## Given material

□ □ □ □ □

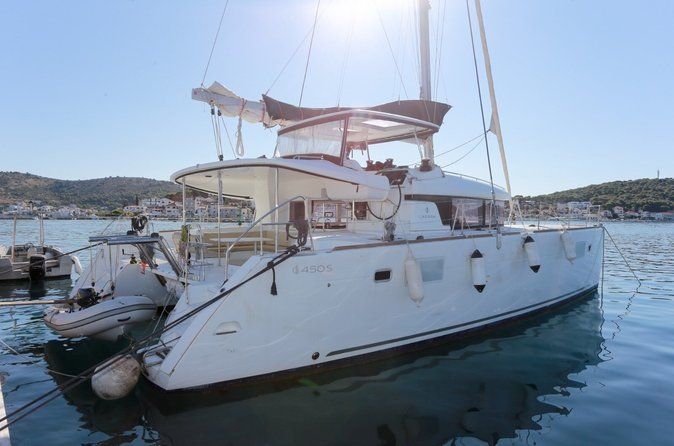 Private Catamaran Tour Magdalene Archipelago - Porto Rafael Palau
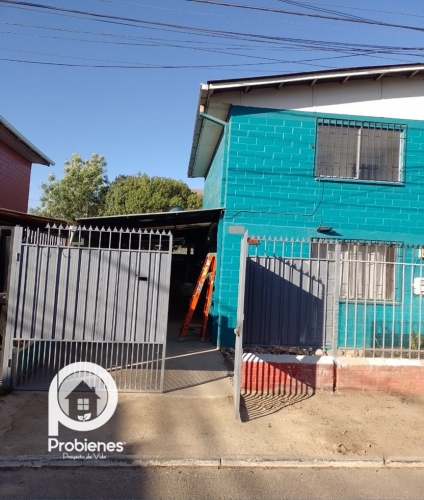 Casa 2D, 1B con Estacionamiento en Padre Hurtado.
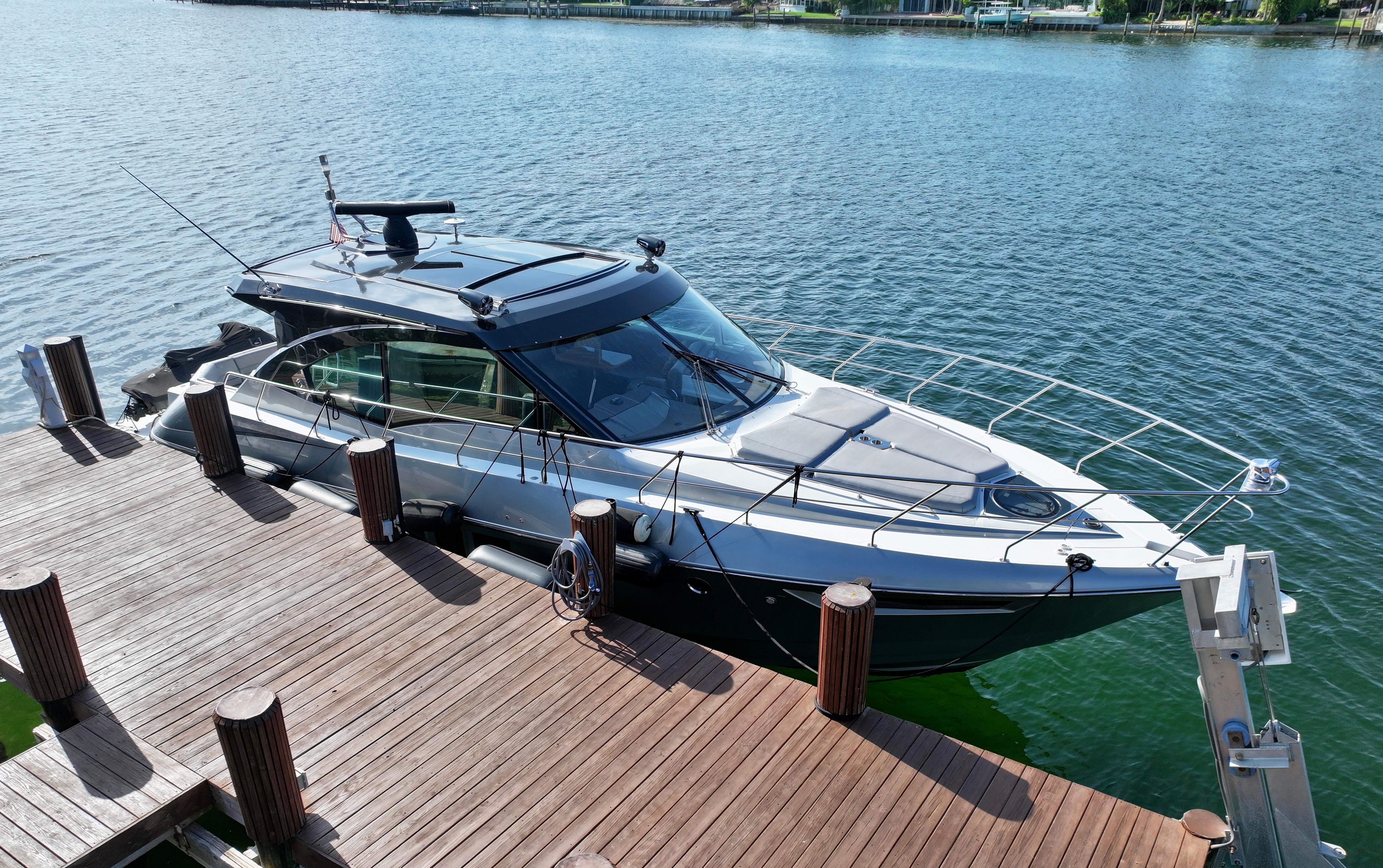2018-cruisers-yachts-45-cantius-power-9858773-20250710174825364-1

□ □ □ □ □

## Task to carry out
Leaving the pictures out, give back each line above exactly.

## Exercise response
 Private Catamaran Tour Magdalene Archipelago - Porto Rafael Palau
 Casa 2D, 1B con Estacionamiento en Padre Hurtado.
2018-cruisers-yachts-45-cantius-power-9858773-20250710174825364-1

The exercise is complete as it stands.